Online Analytical Processing

OLAP is one of the most popular analytical methods. The reason is that multivariate representation of data is very simple. All the manipulations are performed with dimensions and facts in a very flexible way because they can be arranged arbitrarily. Another factor that explains the popularity of this approach is that all the operations can be performed on-the-fly; everything is fast and intuitive.

Loginom has everything necessary for full-fledged OLAP analysis. It contains the mechanisms for multivariate storage (Loginom Warehouse) and data visualization (OLAP cube). These are integral parts of the analytical platform and they are integrated with other Loginom modules:

  • Data storage. Loginom Warehouse uses the most powerful and productive method of multivariate data storage — the "star" and the "snowflake" schemas. It has a rich semantic layer and built-in performance optimization mechanisms. Loginom Warehouse is a perfect data source for decision-making support systems.
  • Visualization. A built-in visualizer — OLAP cube — supports all multivariate operations: arbitrary placement of dimensions and facts, filtering, sorting, grouping, and different aggregation and refinement methods. The data are represented as pivot tables and pivot diagrams - all the operations are performed on-the-fly, and the data processing methods are intuitive.
  • Researching the data. OLAP cube is a powerful research tool that a allows the user to perform exploratory and comparative data analysis, discover tendencies, find seasonality and trends, identify the best and the worst selling goods and calculate their share in the sales volume.
  • High performance. The special storage and calculation mechanisms ensure fast processing and rational use of the computer’s RAM. All the data handling operations are performed within a few seconds.
  • Integration. The data from any source can be viewed as a cube at any processing stage. The resulting cube can be imported to office applications or into an HTML file.

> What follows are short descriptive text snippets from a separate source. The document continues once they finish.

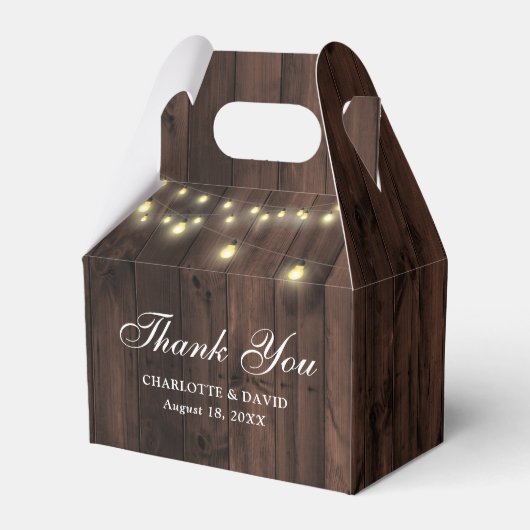 Boomstam Slingerlichtjes Huwelijk Bedankt Bedankdoosjes (Achterkant)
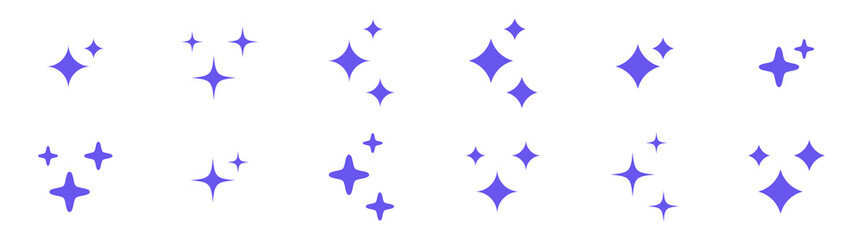 Stars sparkle icon set. brightness twinkle shine icons - Generative AI logo icon magic sparkle stars symbol , Artificial intelligence sign. Vector ai generated icon © icons gate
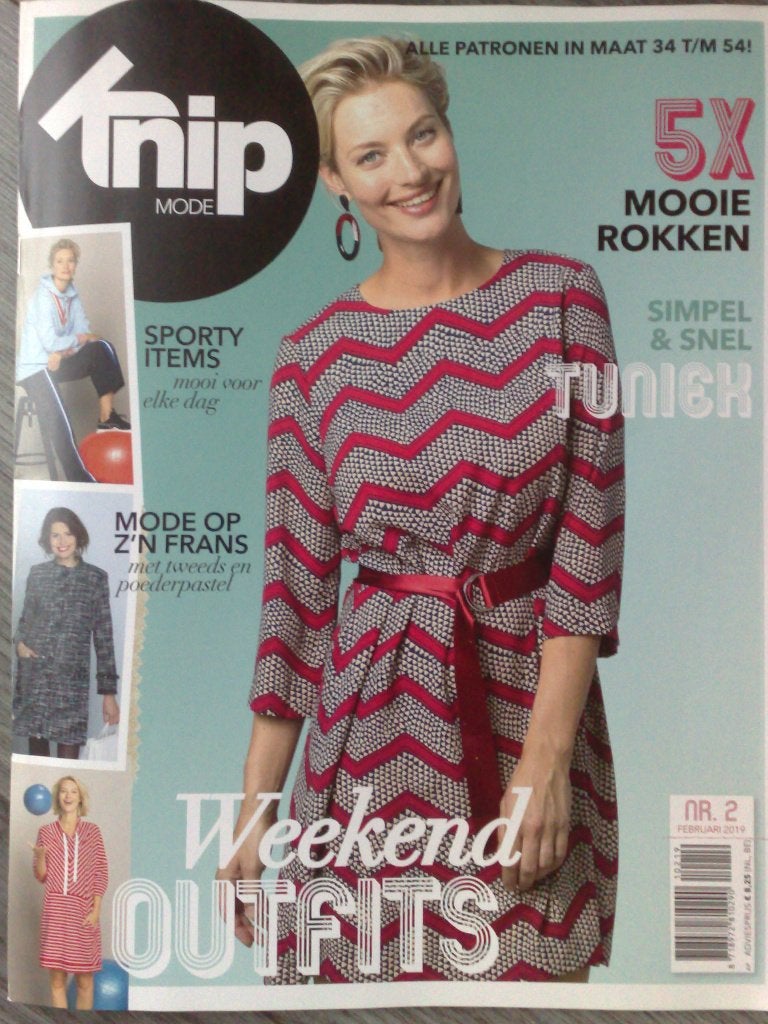 Knipmode februari nr. 2 / 2019 , maat 34 t/m 54, Verzenden, Nieuw, Vrouw, Knipmode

OLAP analysis mechanisms are most commonly used in analytical reporting systems because they enable the analyst to easily obtain the desired information without the help of IT experts. They do not require any special knowledge and are not bound to the rigid structure of reports. Instead of hundreds of large and complicated reports, the user can have just an adjusted data warehouse and a visualization tool. This is enough to quickly receive virtually any necessary information sliced by the desired parameter.